Since you're a mortgage broker yourself....isn't this a question you're more equipped to answer? Surely, legal advisors to your lending institution have provided case studis or legal opinions on such maters? if not, ths is a question you can pose to them.
2 votes
Eric Michael…, , San Diego, CA
Tue Jun 7, 2011
Disclaimer: Given that I am not an attorney, I can't answer this question in any type of definitive form. The information below is for entertainment purposes only and should not be relied upon for its accuracy or its relevance to your situation.

Having said that, In California, I believe a lender can proceed with what is called a "judicial foreclosure," which allows a lender to recoup their loses by suing a home owner for the amount the lender claims they lost.

In my untrained opinion, one method to protect yourself against this process, is to obtain an appraisal of your home at the time of foreclosure. If possible, obtain three appraisals from real estate agents or from a certified home appraiser, so that you have a clear picture of what your home is worth. Make sure all appraisals are in writing.

In theory, a bank can only go after you for what they lost. Meaning, in other words, if your home has a value of $400k and you owed $420k (you'd be $20k underwater), but the bank decides to sell it for $300k, that's not your problem.

They (the lender/bank) CAN go after you for the lost $20k, but NOT FOR THE FULL $420k you owe. Again, to clarify, they can't take your home and then sue you for the full amount of your loan. Your home is still worth something at the time of foreclosure, and just because the bank decides to sell it for $300k, does not mean it is not worth $400k. Though this applies to purchase monies loans only (money lent for the purchase of your home, and sometimes for home improvements such as swimming pools, etc).

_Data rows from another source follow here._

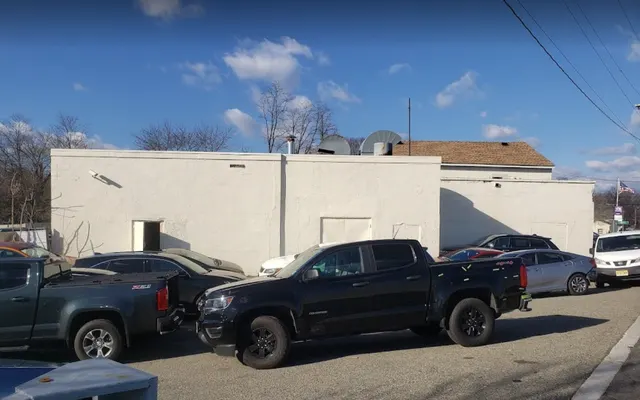 Photo of Aberdeen Auto Collision Inc., an auto repair shop in Keyport, NJ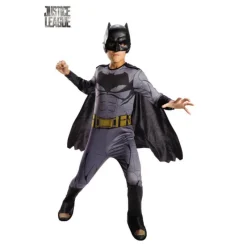 Disfrazzes Disfraces Infantiles|Disfraces Dc^Disfraz de Batman Justice League para niño
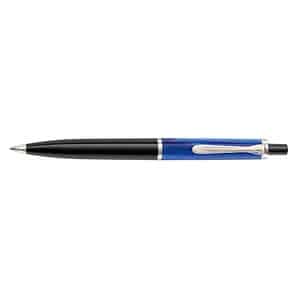 Pelikan Kugelschreiber Classic K 205 blau Schreibfarbe schwarz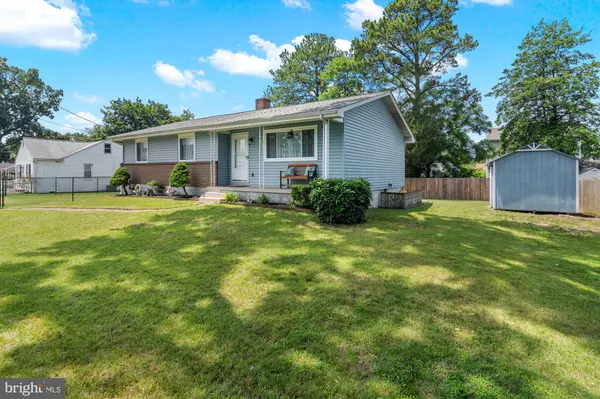 Pasadena, MD 21122,7674 PINE HAVEN DR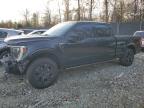 2021 FORD F150 SUPER - 1FTFW1E81MFB66513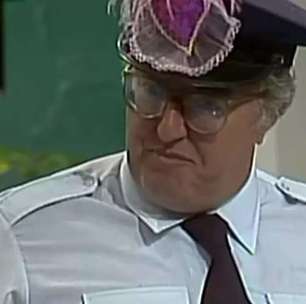 Aos 83 anos, morre Roberto Marquis, eterno Guarda Juju de A Praça é Nossa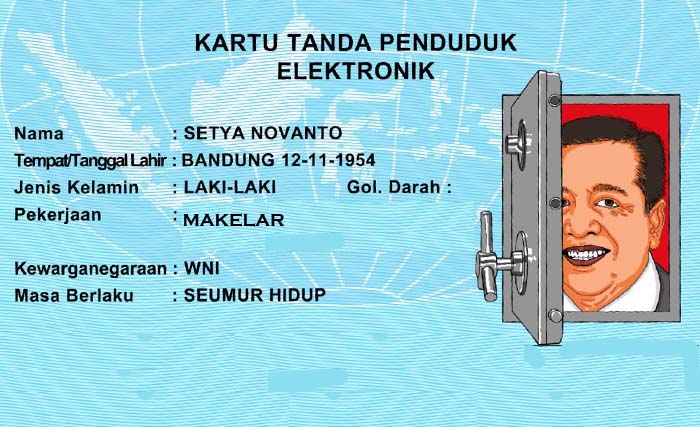 Setya Novanto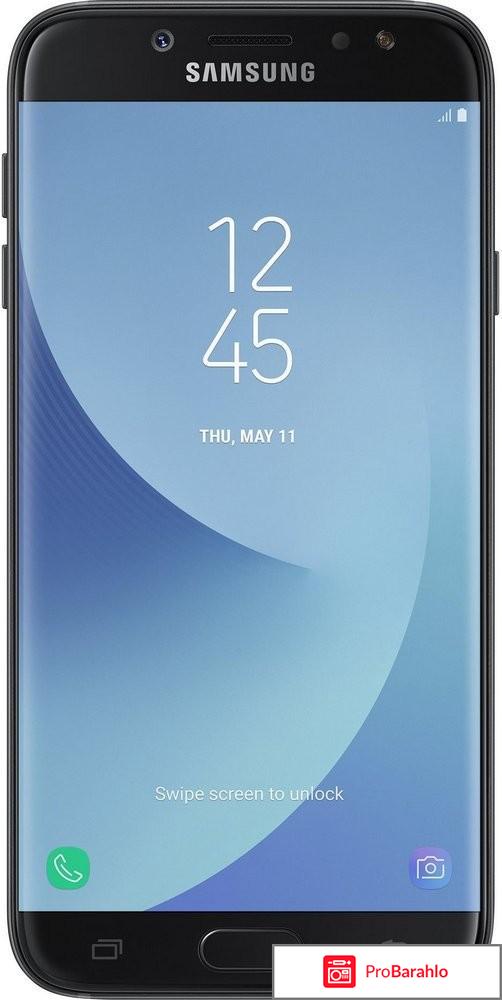 Смартфоны самсунг j7 цены и характеристики отзывы 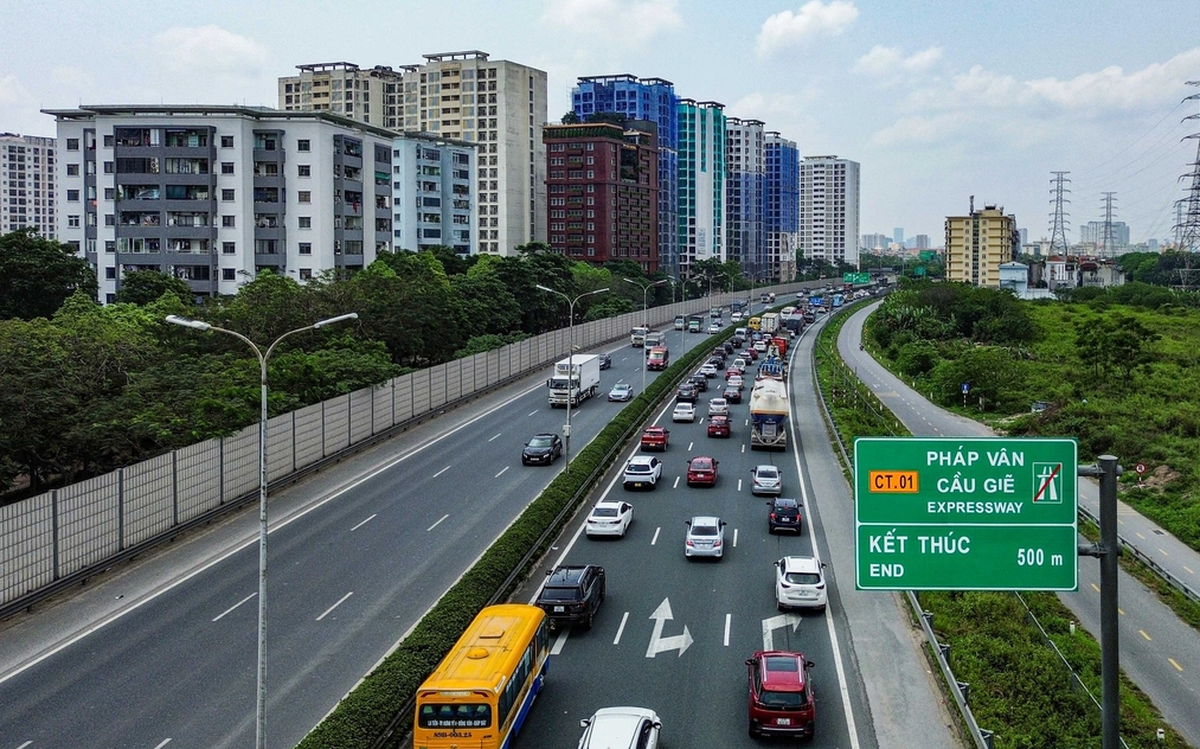 Đề xuất bổ sung vào quy hoạch 3 tuyến đường cao tốc mới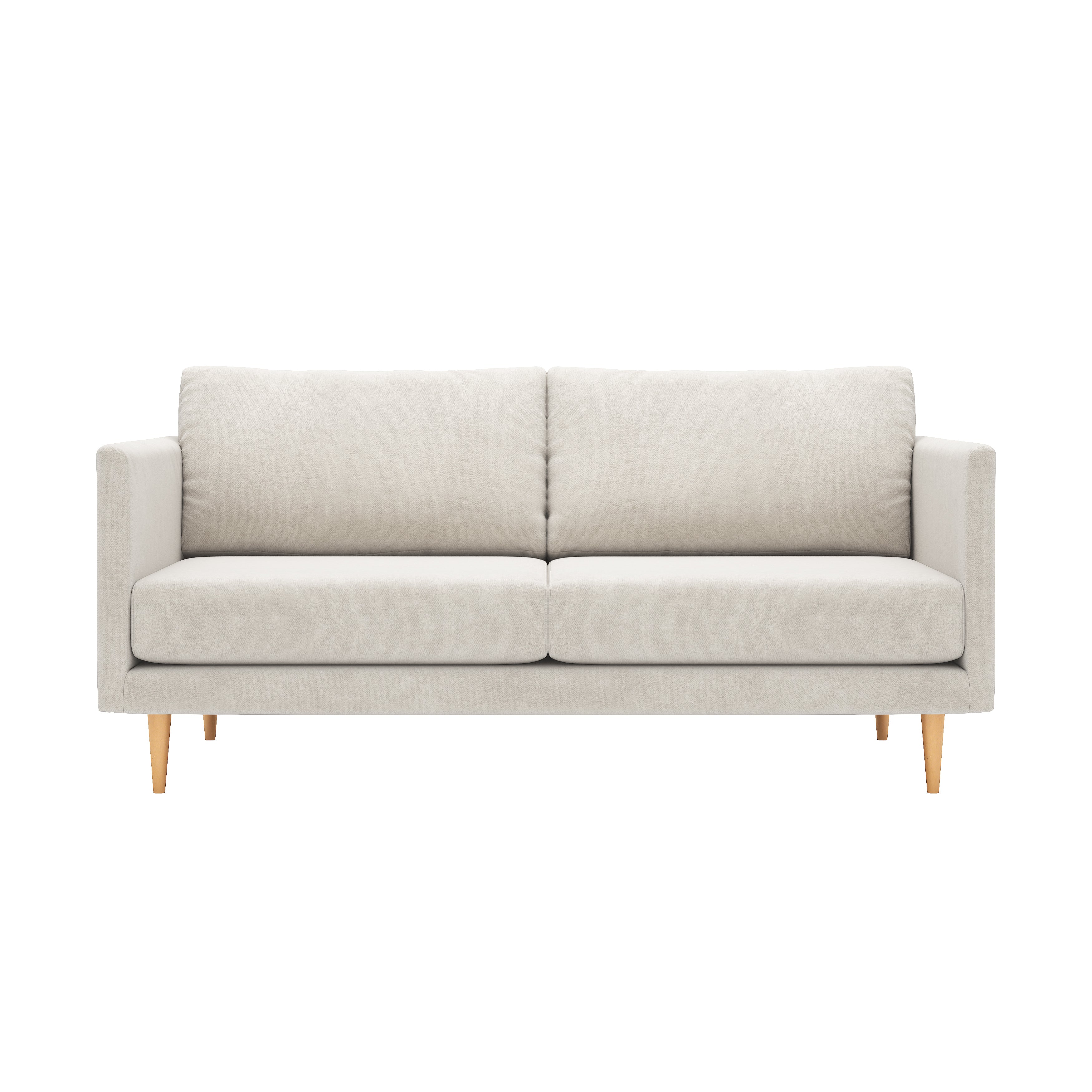 Cherry 2:n istuttava sohva: Cloud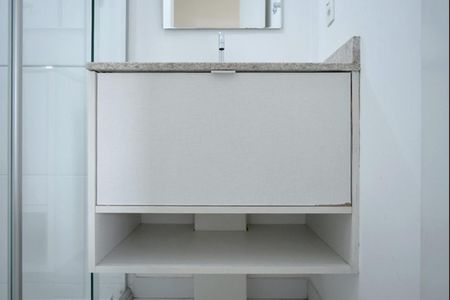 Apartamento à venda com 70m², 3 quartos e 1 vagaBanheiro social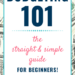 10 Easy Budgeting Tips for Beginners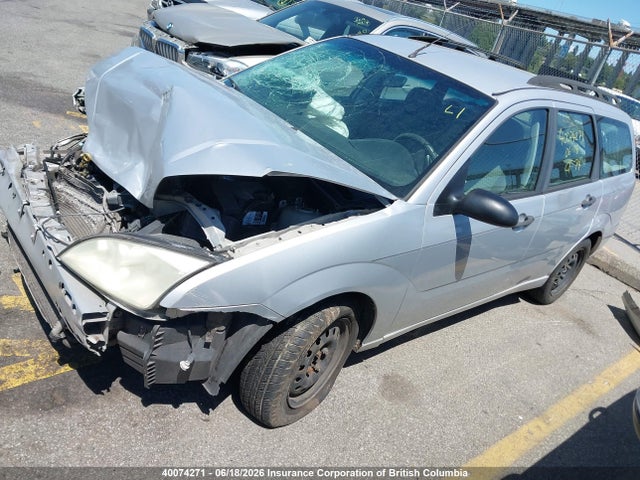 2006 Ford Focus მანქანა იყიდება აუქციონზე, vin: 1FAFP36N76W211718, აუქციონის ნომერი: 40074271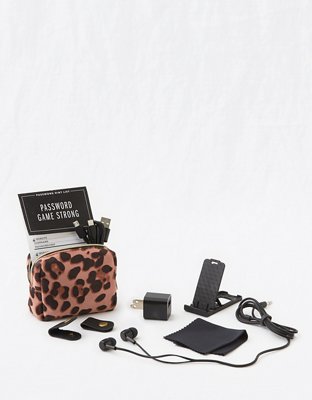 Pinch Leopard Tech Kit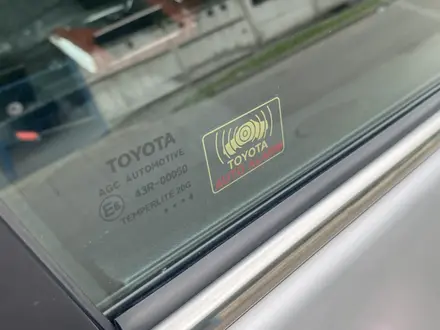 Toyota Camry 2014 года за 10 500 000 тг. в Алматы – фото 44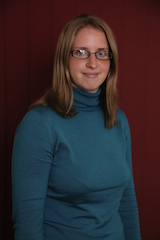 Sally Cook
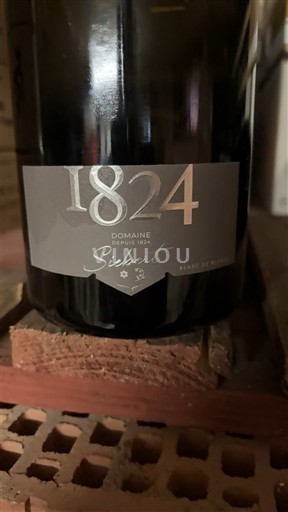 Алзас Kremant Alzas Domaine Siebert 2021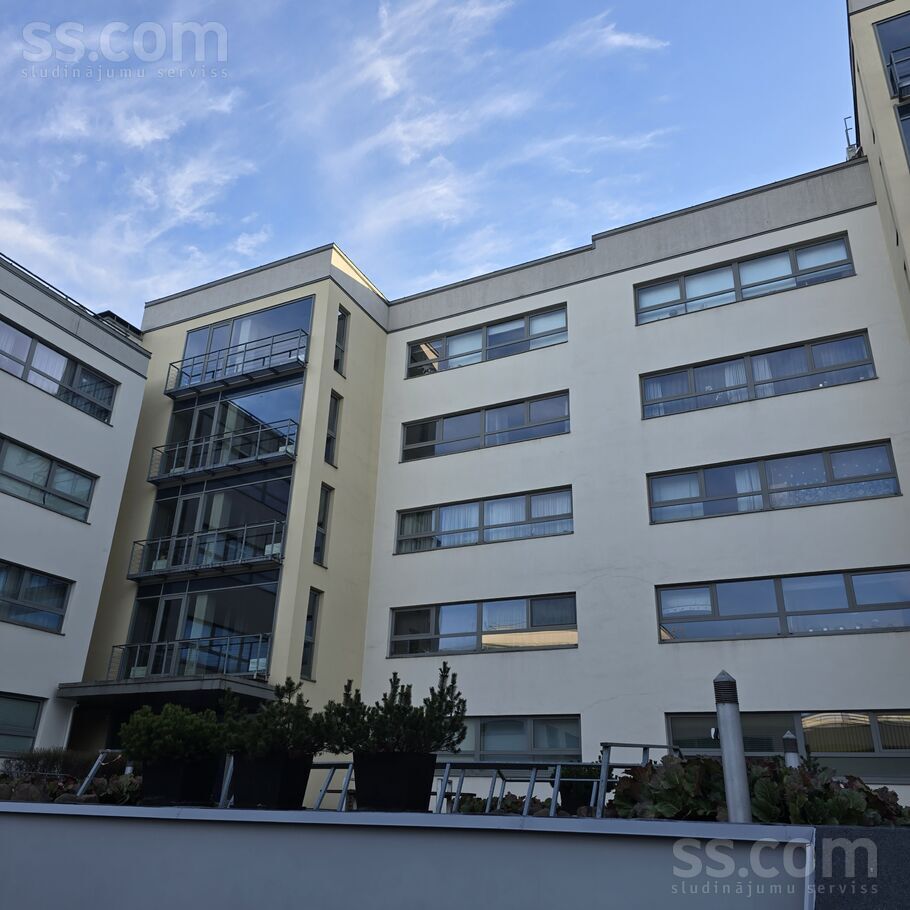 Āraišu 38, Rīga — dzivoklis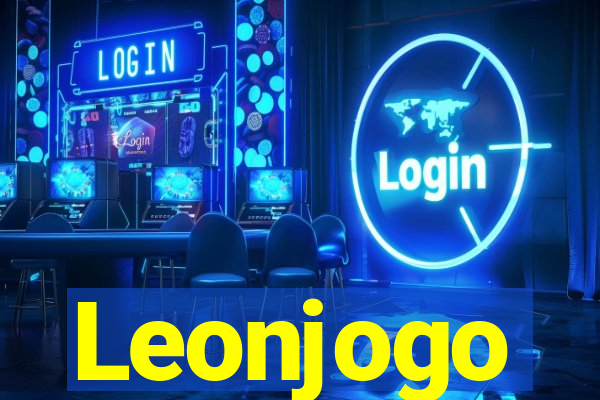 Leonjogo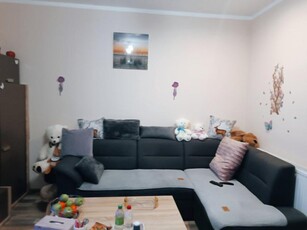 Apartament cu 3 camere, complet mobilat si utilat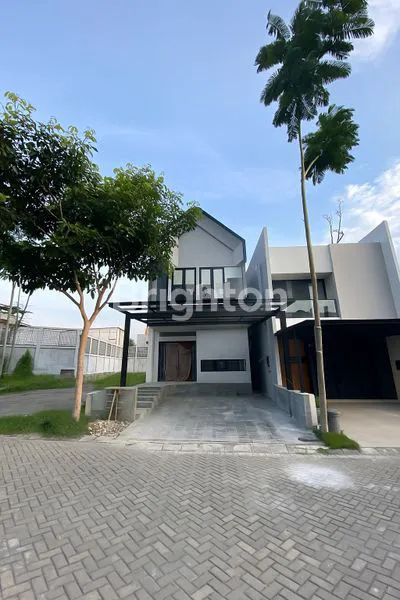 image RUMAH CRYSTAL GOLF CITRALAND DEKAT BUKIT GOLF SELAT GOLF GALERIA GOLF UNIVERSITAS CIPUTRA INTERNATIONAL VILLAGE PURI WIDYA KENCANA TPR (1)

I do not believe this applies to second mortgages where you took cash out (sometimes referred to as an equity loan). If you took cash out to make home improvements, than you may be protected. If you took cash out to send your kids to college, you may owe that money to the bank, but again, that is my opinion only. It's just as likely my opinion is incorrect.

In regard to a short-sale, again, I am not an attorney, and this is not legal advice, but sometimes banks will go after a lender for money owed, especially if a borrower took out a second mortgage that was not related to purchase monies.

I don't believe the above is at all unique to your situation. Sometimes banks won't go after a home owner, period. Sometimes they will. It all depends and it's impossible to predict.

I believe you should perform the following steps: A) seek the advice of a real estate attorney as quickly as possible. That advice can be had for a few hundred dollars, and many attorneys will give you an initial consultation for free B) Seek the advice of an accountant who understands the tax implications that can be associated with forgiven debt and to assess your particular situation (you may be able to avoid these penalties) C) Seek the advice of a real estate agent to make sure that your home is valued properly, and if you're considering a short-sale, to make sure that your home is marketed correctly and that the short sale is carried out properly. D) stay away from most Internet forums. They are filled with incorrect information and information that is state specific. Many states have different laws, so what pertains in Nevada, for example, may not pertain in California. There are also lots of troublemakers and uneducated posters, who will fill your head with horrible tales of world-ending consequences.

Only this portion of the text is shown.